In Denmark, Idaho No. 5 has found a home at the Natural History Museum of Denmark, hidden among 14 million animal skins, insects, plants, fossils, meteorites and more from around the world.

“Museums have a habit of not throwing things away for good reason, and it’s relatively common for museums to have things they don’t know they have,” Tabanella said. “It’s like a junk drawer at home: you don’t know what’s in there until you move. Fortunately, over the years, we’ve gotten better with changing tracking systems and practices.

In 2017, Idaho No. 5 was rediscovered when staff at the Natural History Museum of Denmark were cataloging all of the museum’s fossilized vertebrates and entering the specimens into a new database system.
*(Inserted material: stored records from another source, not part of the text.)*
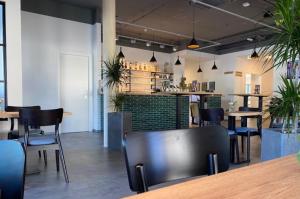 a restaurant with tables and chairs and a bar at Hotel Telegraph in Oberwart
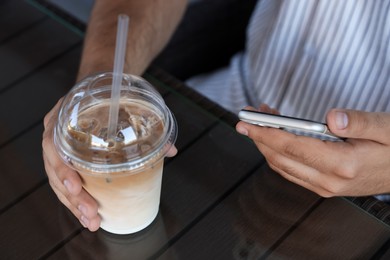 Man with smartphone and plastic takeaway cup of delicious iced coffee at table in cafe, closeup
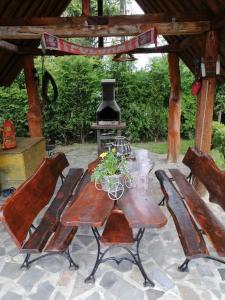a wooden table with two chairs and a stove at Domek u Magdy in Zakopane
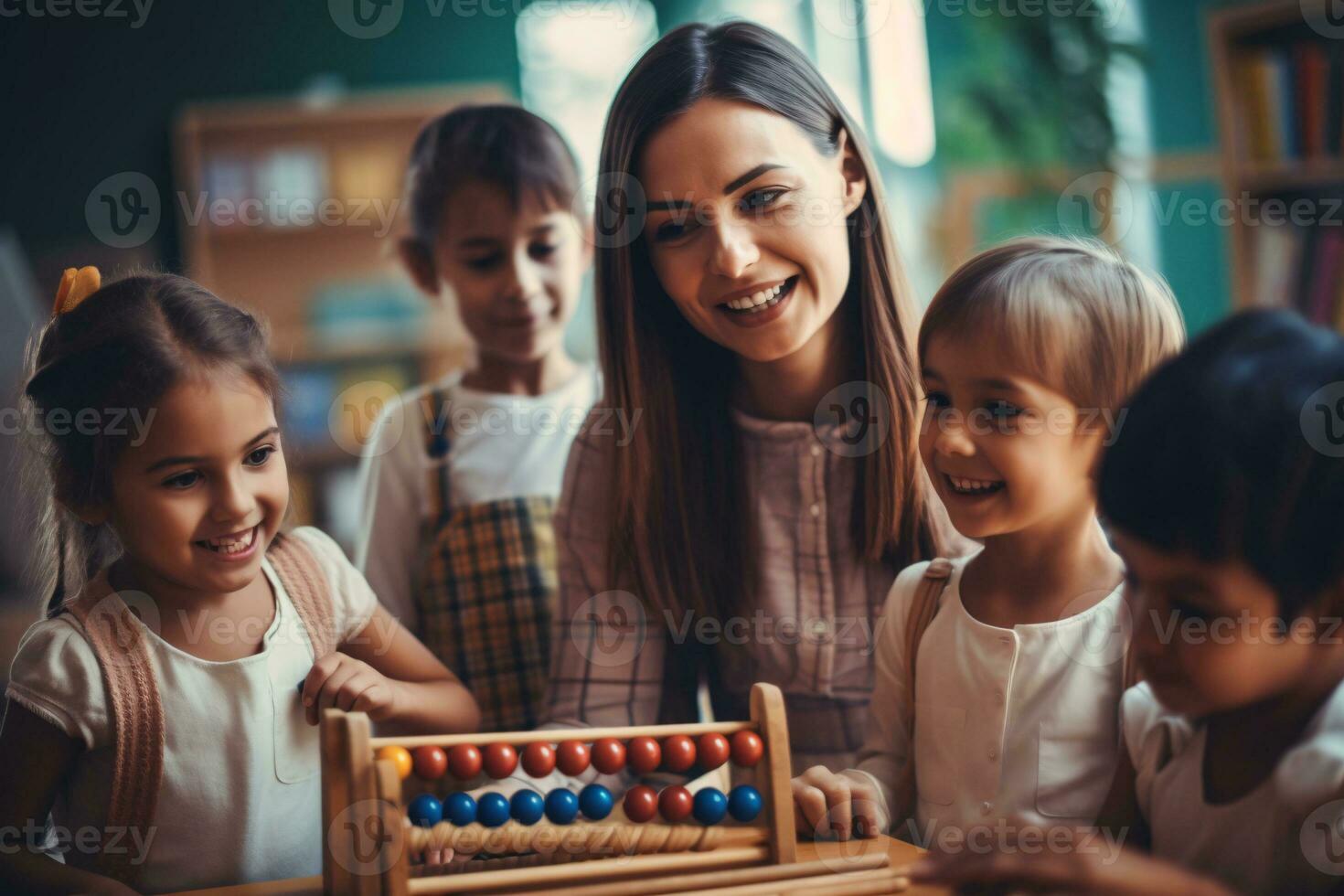 The teacher is teaching children at school photo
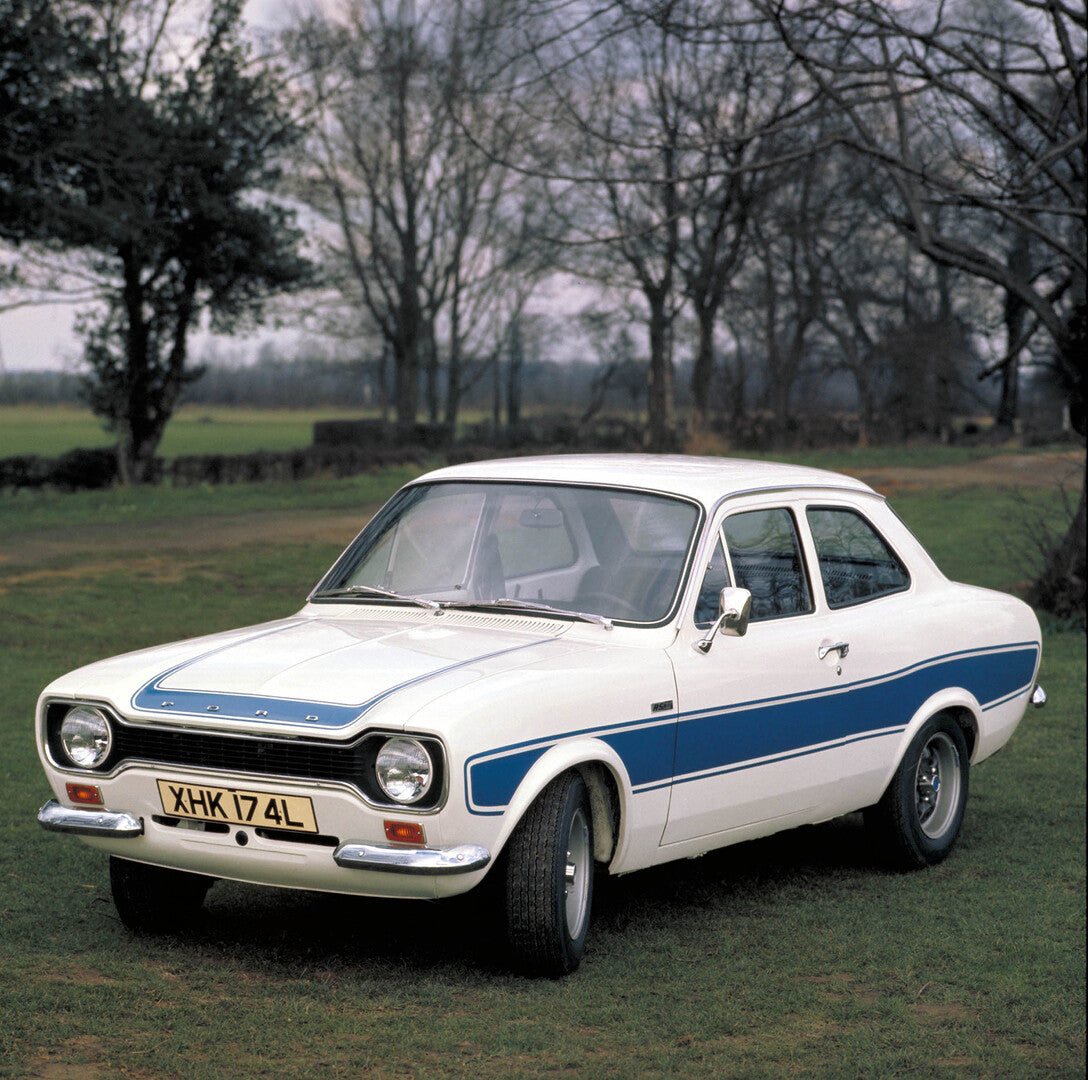 This archival image documents the 1973 Ford Escort Mark I RS 2000 in scenic field with trees 1973-208 and is preserved in the Ford Heritage Vault as part of Ford Motor Company's historic photographic archive. Free for personal, non-commercial use....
“My colleague Anne-Elise Schröder noticed the writing on the fossil, and the paper notes next to it,” said Bent Lindo, collections manager at the Natural History Museum of Denmark. “She correctly identified it as most likely not belonging to our collections here in Copenhagen and reported it to me instead. She placed the fossil in our separate area in order to ‘deal with specimens of uncertain provenance when there is time’, but unfortunately I was unable to follow it up.” Never because there is other work in the way.

Fast forward to early 2023, when Tabanella emailed Lindo about a close relative of helicoprion: the sarcoprion. He asked Tabanella about coming to Copenhagen to study the holotype of Sarcoprion edax and three other specimens.

“When Leif contacted us, his email signature said ‘Director of the Idaho Museum of Natural History’ and I thought, ‘Wait, haven’t we gotten this specimen from Idaho yet?’ Better send pictures and ask him about them. “Maybe he can help us get it back into the right group,” Lindo said.

In his response dated February 9, Lindo told Tabanella that his organization could help with sarcoprion samples. Ultimately, Lindo began the process of bringing back a piece of Idaho history that had been missing for more than 60 years, “Who/what organization should we contact about bringing back this specimen (Helicoprion ergassaminon)?”

“Bendix-Almgren mentioned Idaho Building 5 as the property of Idaho State College, the old nickname for Indiana State University, in his 1966 paper,” Tabanella said. “Some of the labels also mention Idaho State College and the Idaho State Museum. Additionally, another label says that Idaho No. 5 was at one time in the possession of Andrei Izotov, a professor of geology at Idaho State College. Putting it all together, we know that Idaho House No. 5 is located in Pocatello.

In July, Idaho No. 5 returned home to Pocatello. Today, you can find them in the “This Is Idaho” exhibit at the Idaho Museum of Natural History, along with more than 700 other items that each offer a unique window into the Gem State’s past.

“The story of Idaho No. 5 is far from over,” Tabanella said. “We are pulling DNA from fossils that would have been thought impossible just a few years ago, so there’s no telling what Idaho No. 5 might reveal to us in the years to come. However, for now, we’re thrilled to have Idaho Home No. 5.